# ASSIGNMENT
Reproduce the whole listing exactly and let no picture into the copy.

# DATASET CONTENT
- Opening Delimiter -
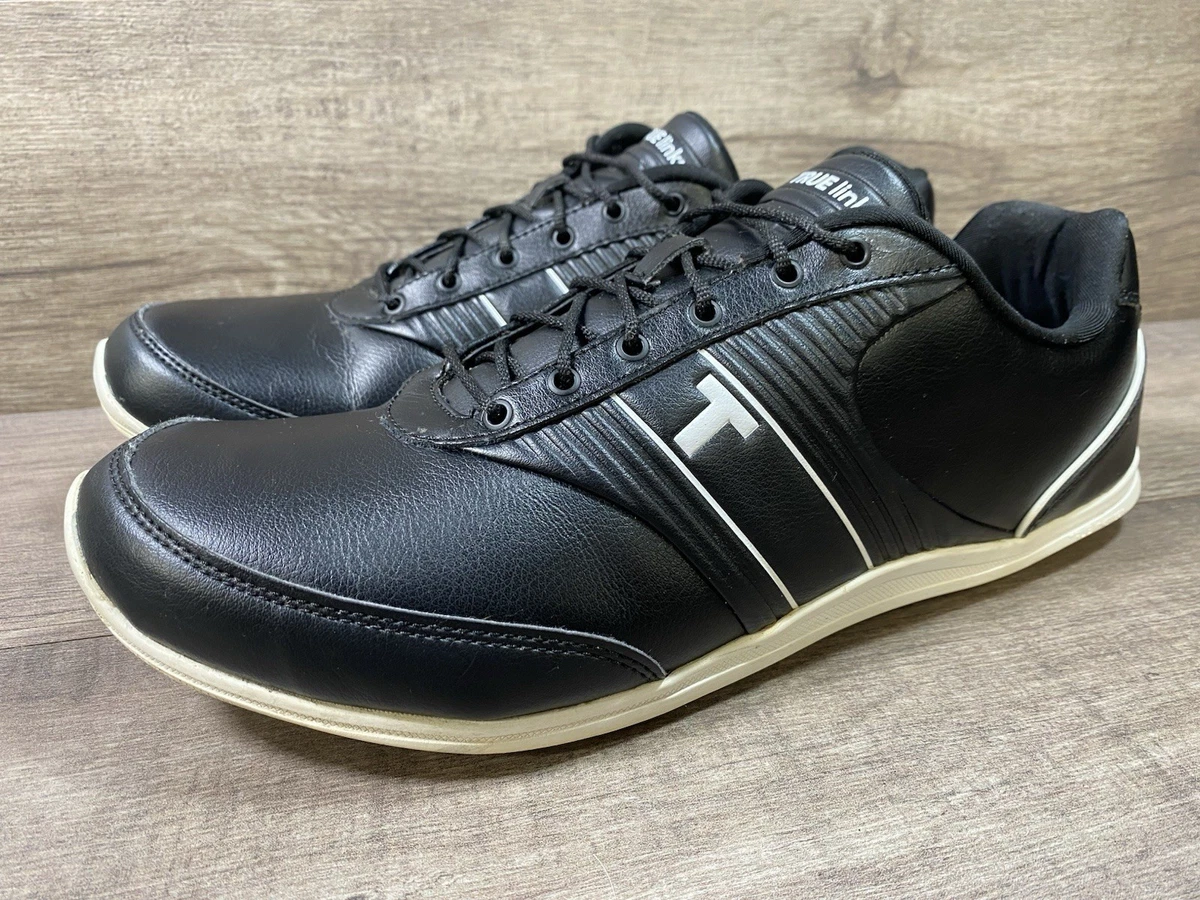 True Linkswear True Gent Black Leather Wingtip Spikeless Golf Shoes Men\'s sz 12. Amazon.com | TRUE Linkswear Future Staples FS-01 Lightweight  main image 2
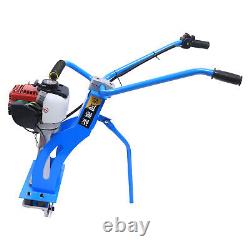 Concrete Gas Power Vibrating Screed 4stroke Gas Engine Cement Vibrator Machine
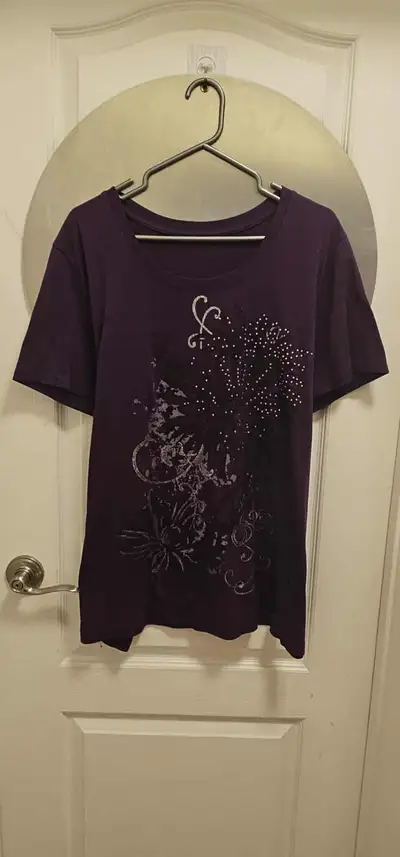 Women's plus size tops, View more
- Closing Delimiter -
# RESPONSE AREA
 True Linkswear True Gent Black Leather Wingtip Spikeless Golf Shoes Men\'s sz 12. Amazon.com | TRUE Linkswear Future Staples FS-01 Lightweight  main image 2
 Concrete Gas Power Vibrating Screed 4stroke Gas Engine Cement Vibrator Machine
 Women's plus size tops, View more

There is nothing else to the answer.